Mentor Collective Program Receives Enthusiastic Response
Within weeks of Lehigh announcing its participation in the Mentor Collective at Lehigh, 461 first-year students have signed up for a mentor, 272 students are serving as mentors for one or more students, and 100 percent of all student athletes (a total of 168) are matched with a mentor. The overall total of first-years includes 87 international students and 173 first-generation college students who are paired with a mentor.
The early numbers are signs of strong enthusiasm for a program that matches incoming first-year students and transfer students with current Lehigh students as mentors on common interests, backgrounds and academics.
The Mentor Collective program is employed at more than 50 institutions across the country. These mentor pairs have regular meetings through the year beginning during the summer using a variety of social media formats. During these sessions the students are encouraged to discuss issues of concern, or move on to the mastery of skills that will prove helpful at Lehigh and beyond: time management, networking techniques, public speaking and the development of a personal growth mindset.
Once a student was accepted at Lehigh and confirmed an intent to attend this fall, the incoming Lehigh student was offered an opportunity to be matched with a mentor by way of an email letter that explained some of the challenges that first- year students often encounter in a high-achieving intellectual environment Lehigh offers. To provide a “head start” on life at Lehigh, the letter explained, new students can find guidance on not only academics, but social life at Lehigh, the surrounding community, and the numerous sports, clubs and activities that are open to them.
Interested students were then asked to complete a survey, which helped match them with an upper-class student who can help guide, advise and support them.
The mentors were nominated by administrators, faculty, Gryphons or others at Lehigh for their ability to relate to and advise new students. Mentors received online training, which prepares them to meet with their mentees at least once a month, either in person or via video chat. Guidelines for discussion are provided via an expansive set of curricular modules provided by the mentorship program in order to maximize their time.
For Nastara Greenberg ’19, a chemical engineering major from Boxford, Mass., serving as a mentor is providing an opportunity to share her personal life lessons. “I love the opportunity to give students the advice I wish I had gotten as a freshman, knowing very little about academics and life in general at college,” she said. “I am a very honest person and will be truthful to my mentees. I won’t sugarcoat the difficulties of college, but will help them figure out how best to navigate them.”
Her mentee is Yamelin Jaquez, a recent graduate of the Community Academy of Philadelphia charter school, who says having Greenberg as a mentor at Lehigh has already helped prepare her for her new environment. “She gave me her experience with changing majors and colleges,” Jaquez said. “It calmed my anxiety over my major and the fact that I can possibly change it. I like that I have a mentor that I can turn to. I just want my mentor to be that support to help clarify any confusion I have.”

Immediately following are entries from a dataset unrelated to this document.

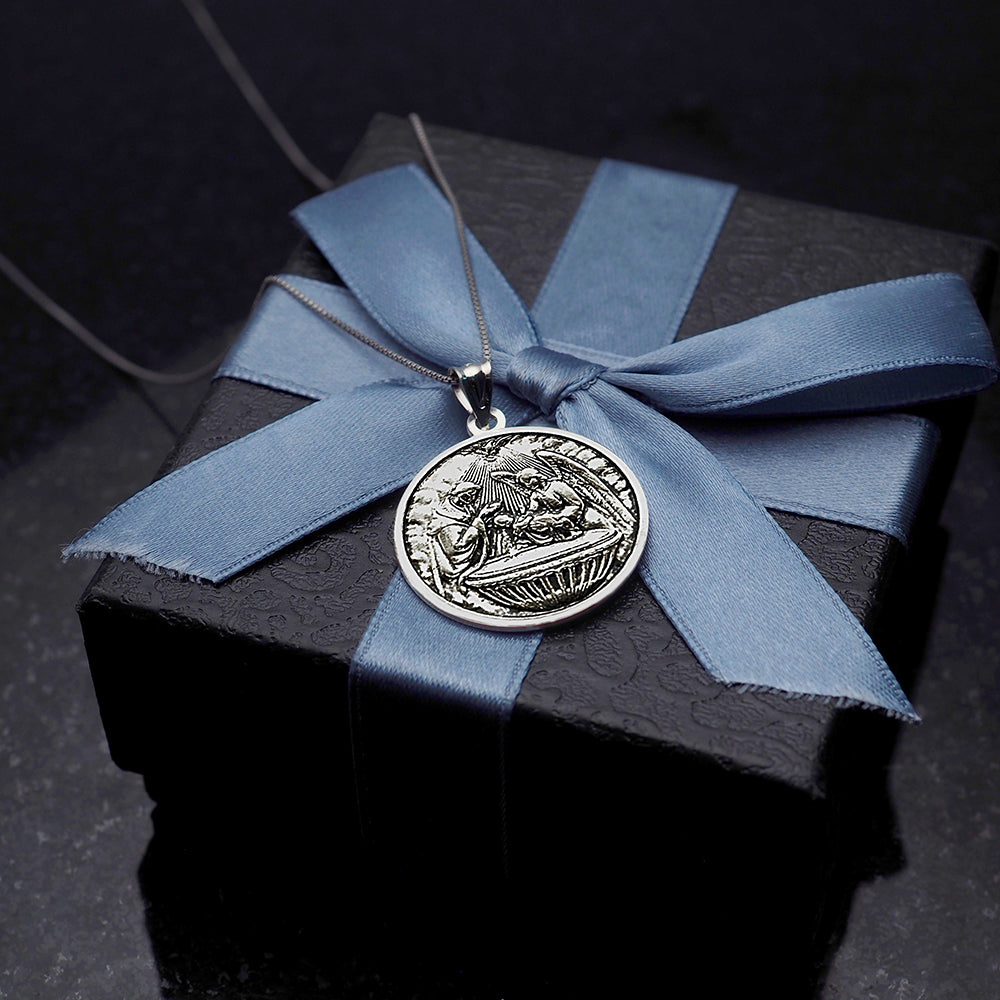 PicturesOnGold product photograph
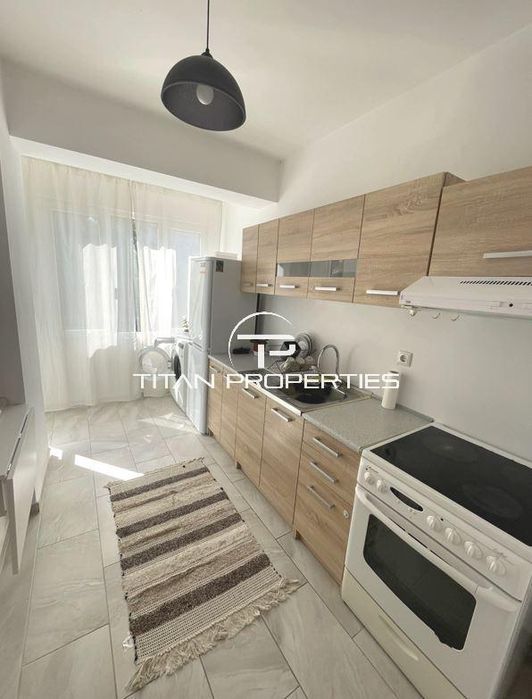 Дава се под наем Етаж от къща в Варна, Бриз - 95 кв.м за 498.27 € - Снимка #2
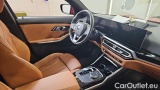  Bmw  Serie 3 318d Touring Auto #7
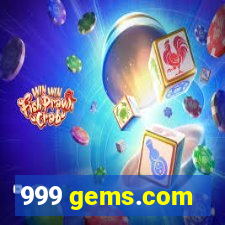 999 gems.com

The pair also share a bond they discovered through their common matching qualities, which are teased out during the application process. Both are interested in STEM and business entrepreneurship, are active and engaged community volunteers, have led student organizations, love traveling and exploring new places, and have similar interests, such as hiking, reading and yoga.
The right match is key to the program’s ultimate success, explains George White, the longtime professor of educational leadership at Lehigh who was named Lehigh’s first Managing Director for Student Access and Success in late 2017. In this new role, he works under the Office of Diversity, Inclusion and Equity in leading the university’s efforts to develop and implement university strategies that address recruitment, admission, financial aid, student life, academic coaching and post-graduate support for students from underserved groups, with a focus on first-generation college students and students from lower-income families. The Mentor Collective is an outgrowth of these broader efforts.
The program is particularly important to incoming international students, adds Cheryl Matherly, vice president and vice provost of International Affairs. Many of those students often have very specific questions about coming to study in the United States, she said, noting that 130 students from 39 different countries will be coming to Lehigh this fall. In some cases, a student may be the only one for their country.
"The Mentor Collective is helping connect international students quickly with the Lehigh community,” Matherly said. “They are able to learn about Lehigh, get answers to specific questions, and importantly, make a friend. We know that this is reinforcing the message that Lehigh is excited to welcome international students to campus."
“I am thrilled with the overwhelming response of our incoming students and with the willingness of many current Lehigh students to serve as mentors,” White said. “But we still are in need of additional mentors! We view the Mentor Collective at Lehigh as an additional support to the already strong portfolio of programs and services offered to first year students by the Office of First Year Experience. The intention of all of these programs, but especially the Mentor Collective, is to provide the first year student with a personal connection to the university in such a way that we support their personal and academic growth and their leadership development.”